La consultation internationale lancée en 2008 auprès de dix équipes pluridisciplinaires d’architectes et d’urbanistes a permis de faire naître une nouvelle conscience du potentiel d’évolution du Grand Paris, à travers un ensemble d’idées et de propositions concrètes. La carte des grands projets montre une dissémination très importante qui peut être lue comme la diffusion au-delà du boulevard périphérique d’équipements importants, avec un grand nombre de nouveaux projets d’envergure, compris comme autant de nouveaux pôles d’attractivité urbaine (la Cité du cinéma à Saint-Denis, l’île Seguin à Boulogne, Europa City à Gonesse, Paris Nord à Paris et Aubervilliers) et de grands projets culturels (La Philharmonie, le musée de l’Air au Bourget, la tour Médicis à Clichy-Montfermeil, les Archives nationales à Pierrefitte, la Fondation LVMH dans le bois de Boulogne, le Centre national des Patrimoines à Cergy, etc.). La carte de ces multiples polarités peut aussi être lue comme la marque dans l’espace d’un paysage éclaté et difficilement rassemblé, et interroge la capacité à définir un horizon unifié pour le devenir du Grand Paris.
Ce faisant, c’est l’idée même de planification qui se voit remise en cause et la capacité à prévoir.

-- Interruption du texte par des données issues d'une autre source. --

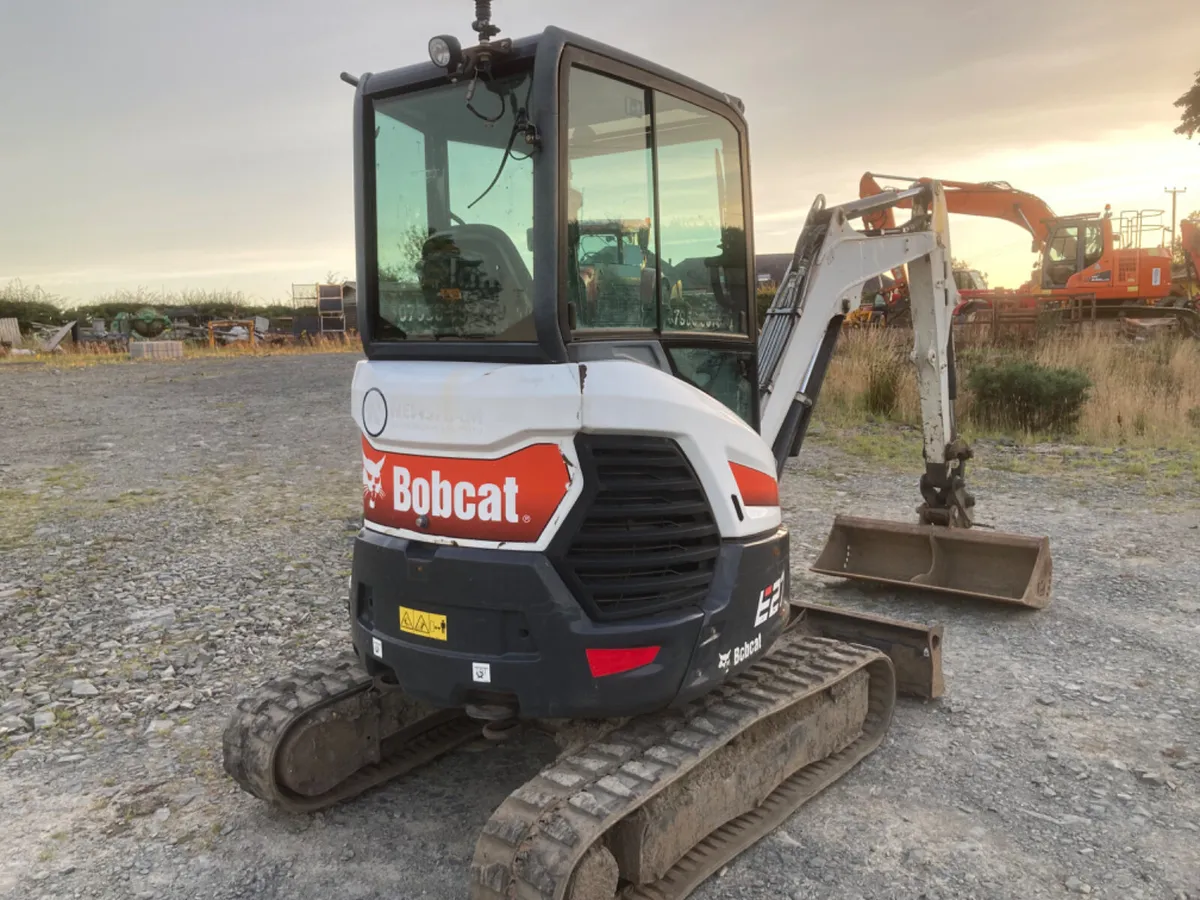 Bobcat e27 - Image 4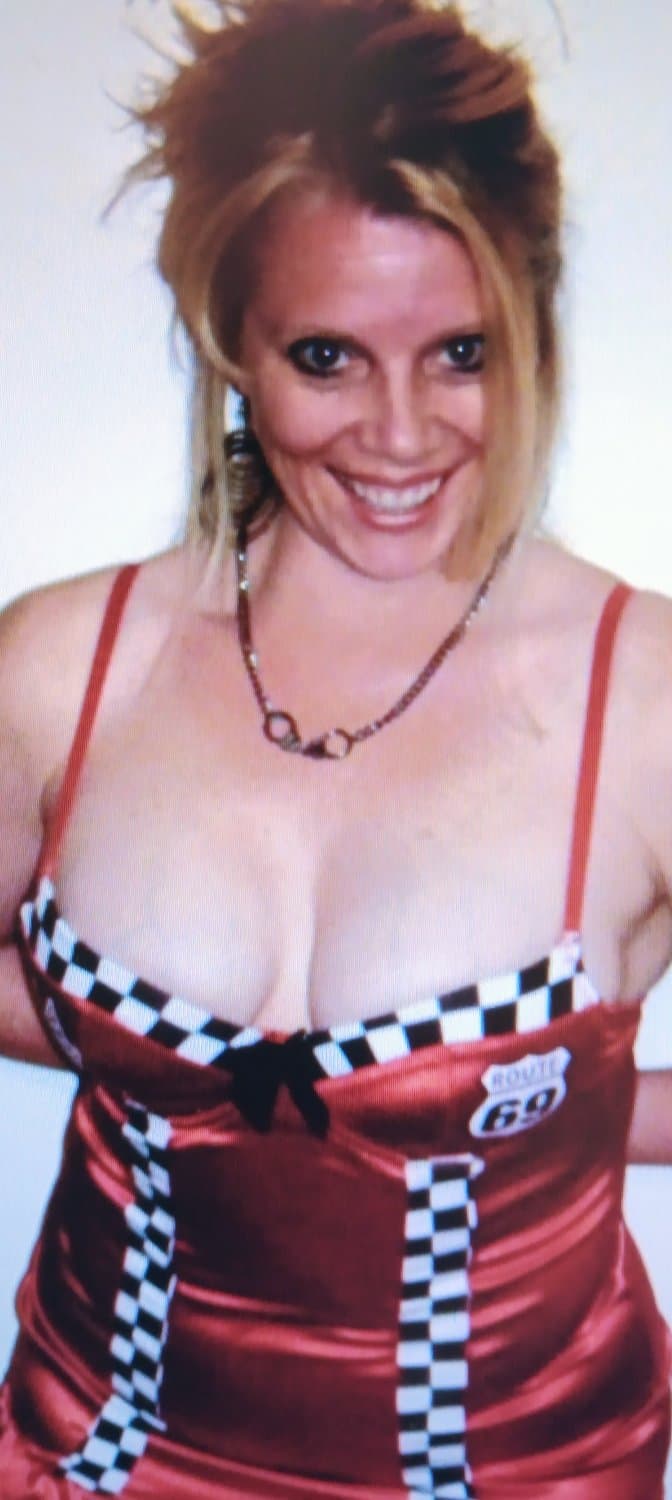 Topless Driving In His Jeep Telling Me What To Do Christine Mason nude posing for Cash Arizona milf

Dans le même temps, le territoire apparaît comme une collection d’objets urbains formant autant d’héritages de futurs passés de la métropole.
Conclusion
Si le changement de rapport au temps de nos sociétés s’affirme comme l’une des grandes questions du début du XXIe siècle, la ville apparait prise dans des rapports multiples aux temporalités. Il convient à ce stade de se défaire de l’idée d’une succession simple entre passé, présent et futur, pour ouvrir à l’idée de temporalités multiples, pluralité de temporalités spécifiques à la ville qui a été bien perçue par les historiens de l’urbain. Ce serait ainsi la confrontation et le chevauchement de durées qui font la ville.
Contrairement aux images figées de « l’An 2000 » qui dessinent des images de futur qui n’auront jamais connu d’avènement, ce qui se donne à voir est plutôt une orientation faite d’emboîtements de temps co-présents.
On peut évoquer ici l’idée de complexité temporelle. Le géographe Michel Lussault relève que les études urbaines s’appuient essentiellement sur une conception linéaire du temps conçu comme un simple déroulement chronologique, alors qu’il conviendrait de parler de « temps construits » (Lévy 2003). Le temps univoque de l’action apparaît alors comme une fiction, fiction fabriquée par les politiques urbaines qui agrègent les différents temps. Les outils mobilisés (cartes, plans, etc.) concourent à ce dessein. Avec les discours ils viennent former des ensembles de signes qui s’agrègent. C’est la vertu d’une intrigue que de donner unité et homogénéité à cet ensemble présenté comme ayant une unité temporelle et formant une action complète.